### Stored data entries
══════════
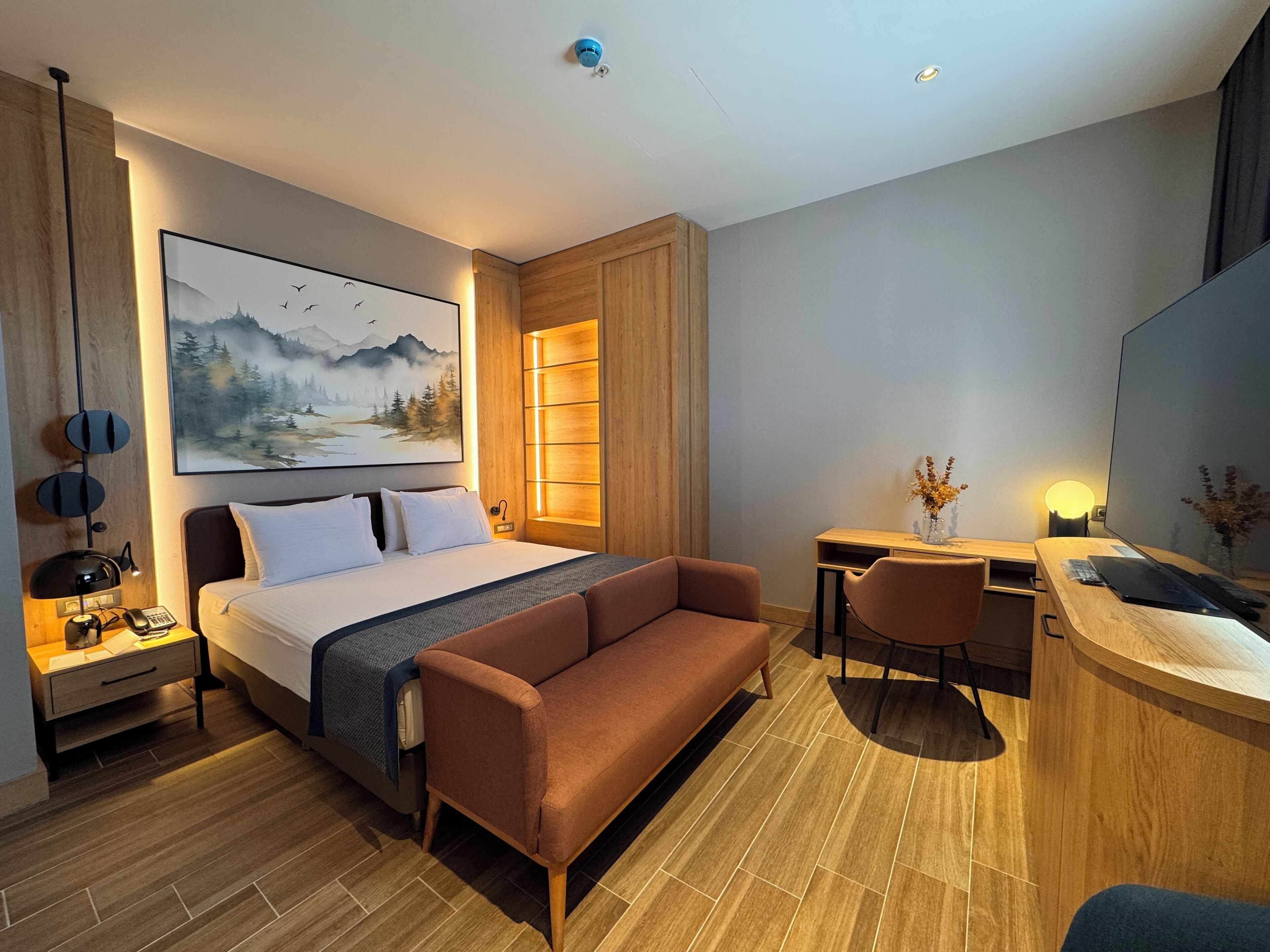 Minibar, wifi gratis y ropa de cama 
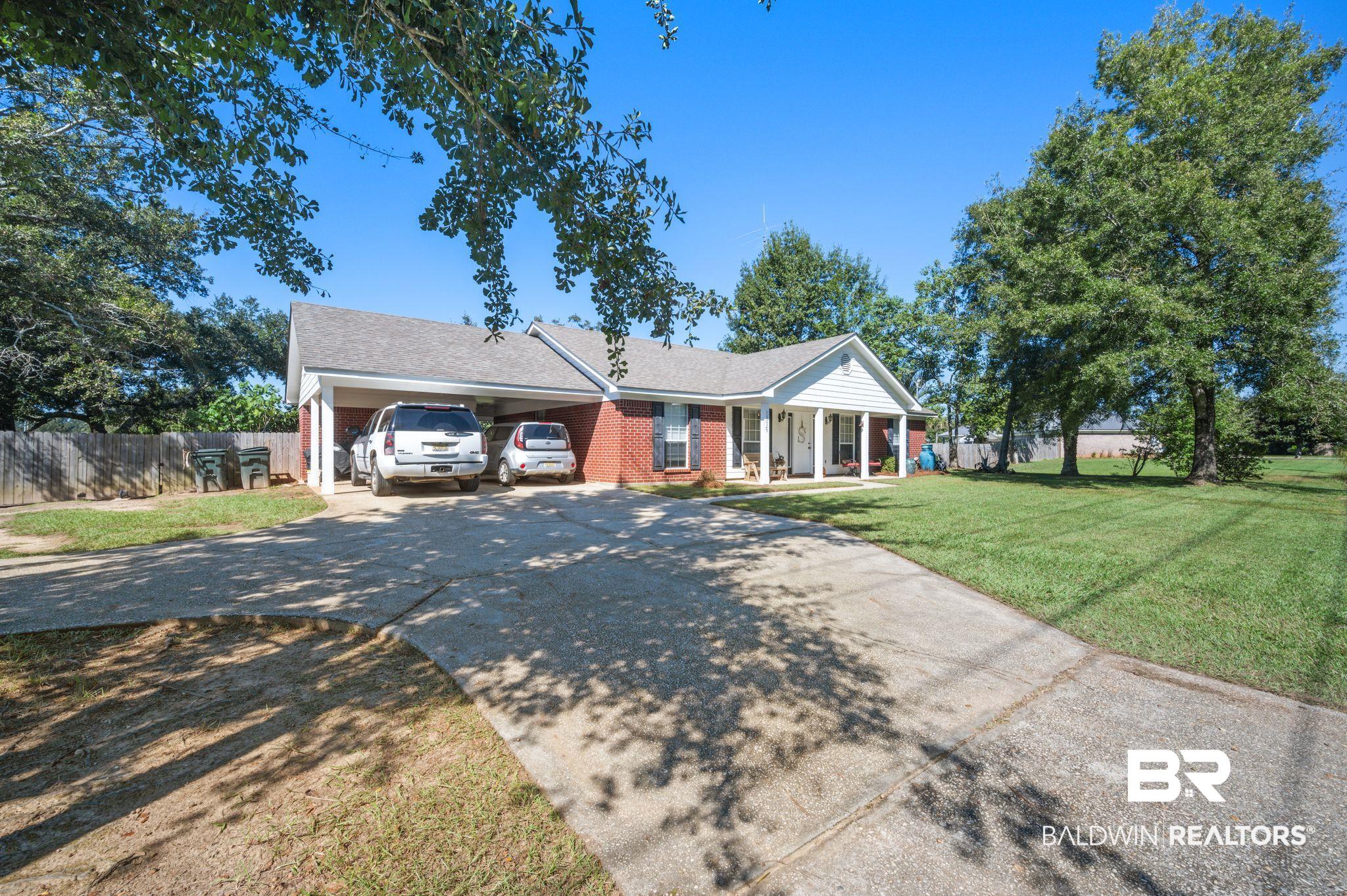 13025 County Road 55 Foley, AL 36535 - Photo 2 of 49 Ranch-style home featuring a front lawn
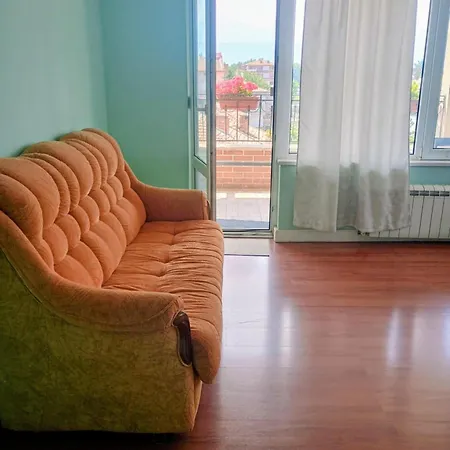 Апартаменты Uspeh Bg *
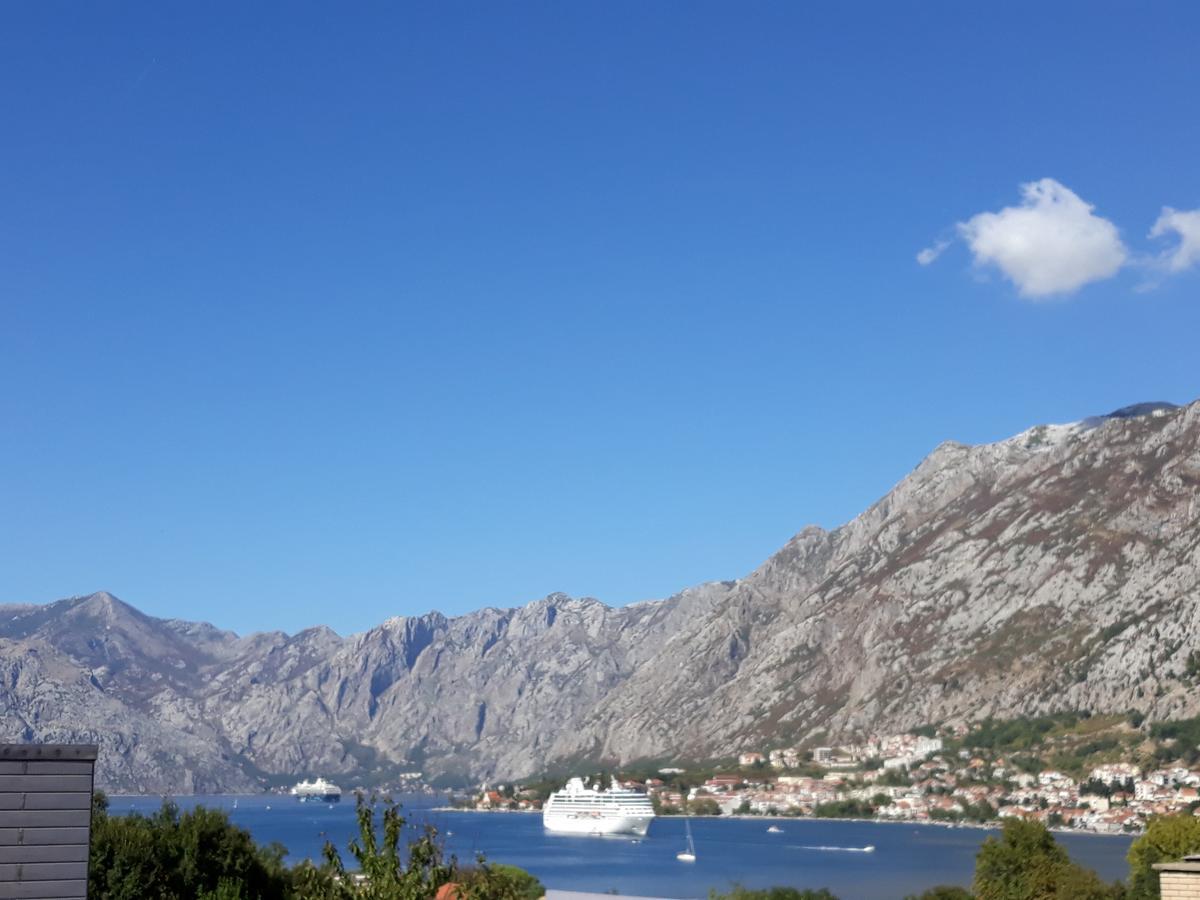 Maritimo Apartments Kotor Ngoại thất bức ảnh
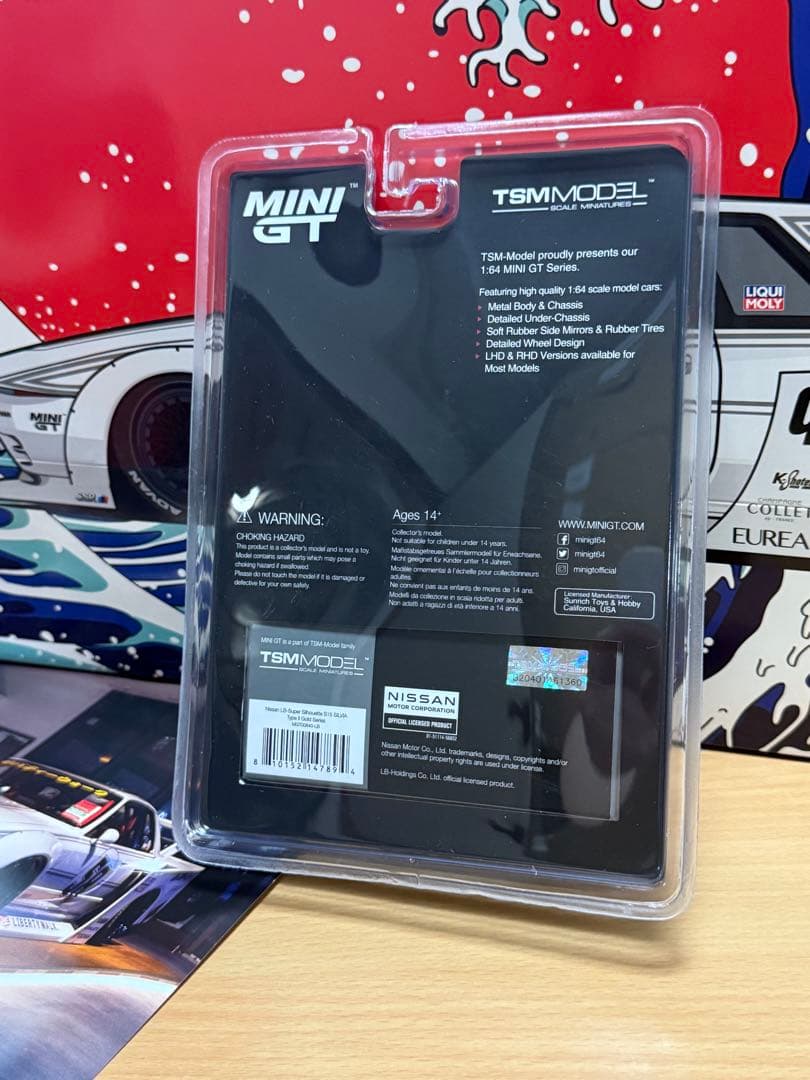 MINI GT リバティウォーク ゴールドミニカー　サイン入り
══════════
All records, pictures excluded: copy them exactly.

 Minibar, wifi gratis y ropa de cama 
 13025 County Road 55 Foley, AL 36535 - Photo 2 of 49 Ranch-style home featuring a front lawn
 Апартаменты Uspeh Bg *
 Maritimo Apartments Kotor Ngoại thất bức ảnh
 MINI GT リバティウォーク ゴールドミニカー　サイン入り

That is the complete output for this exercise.